In all experiments, neuronal signals were amplified and filtered between 300 Hz and 10 kHz. Using a window discriminator, single units (Fig. 1c) or small clusters of the largest units (2–5 units; see Fig. 1d,e) were isolated. Single units were judged to be adequately isolated on the basis of uniformity of waveforms and the presence of a refractory period in the distribution of interspike intervals (ISIs), although a small number of ISI violations (range, 0.001–2%) indicated that a low percentage of other units were sometimes included. Spike arrival times and waveform data were collected using a data collection program developed by Michael Lewicki and Larry Proctor (California Institute of Technology, Pasadena, CA), Frederic Theunissen (University of California, Berkeley, CA), and Cooper Roddey (University of California, San Francisco, CA). Electrolytic lesions were made at some recording sites, and verified by Nissl staining of brain sections, silver staining of brain sections, or both. Brain sections were processed for BDA to visualize the approximate spread of kynurenate.

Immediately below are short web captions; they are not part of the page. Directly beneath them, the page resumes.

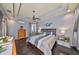 Main bedroom with dark hardwood floors and ceiling fan at 8030 Hampton Lake Dr, Tampa, FL 33647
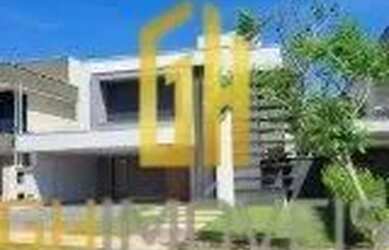 Imagem: A casa possui 4 Dormitórios, 5 Banheiros, 4 Vagas na garagem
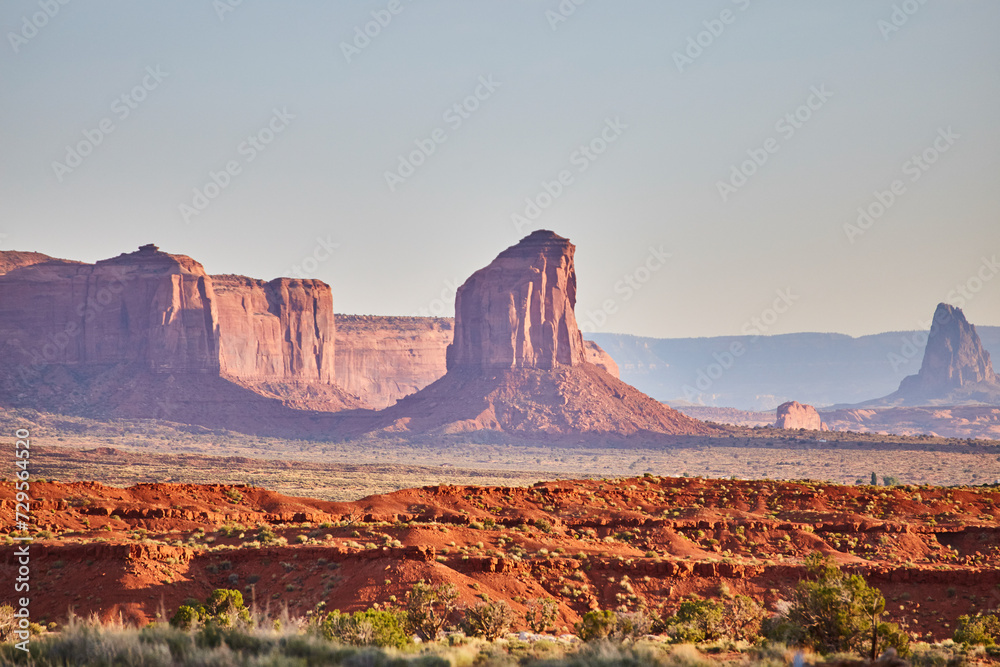 Fototapeta premium Golden Hour Glow on Red Sandstone Buttes, Monument Valley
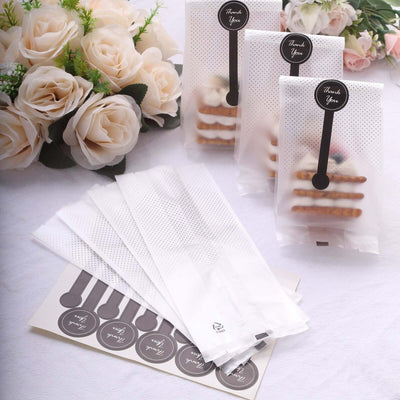 Thank you treat bags with stickers and cookies, elegantly displayed.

Auditory stimulation. The bird was placed in a double-walled anechoic sound-attenuated chamber with stimuli presented from a speaker calibrated to broadcast sound with a mean peak intensity level of 75 dB, positioned 23 cm away from the bird. The frequency response in the chamber was flat (±6 dB) within the range of 500 Hz–10.5 kHz. Search stimuli included the bird's own song (BOS), tutor song (typically the father's song), and a broadband white noise burst (100 or 300 msec duration). Stimulus types included songs of other zebra finches, white-crowned sparrow songs, and 300 msec pure tone bursts (1–4 kHz). Versions of the BOS and tutor song whose temporal order had been manipulated were included (Solis and Doupe, 1997). The duration of song stimuli varied from 1.2 to 2.6 sec. Multiple and single units were defined to be auditory when the average firing rate during at least one stimulus type was significantly different (p < 0.05, paired t test) from the spontaneous firing rate collected for 4 sec occurring immediately before stimulus onset. Stimuli were interleaved with 6–8 sec of interstimulus interval.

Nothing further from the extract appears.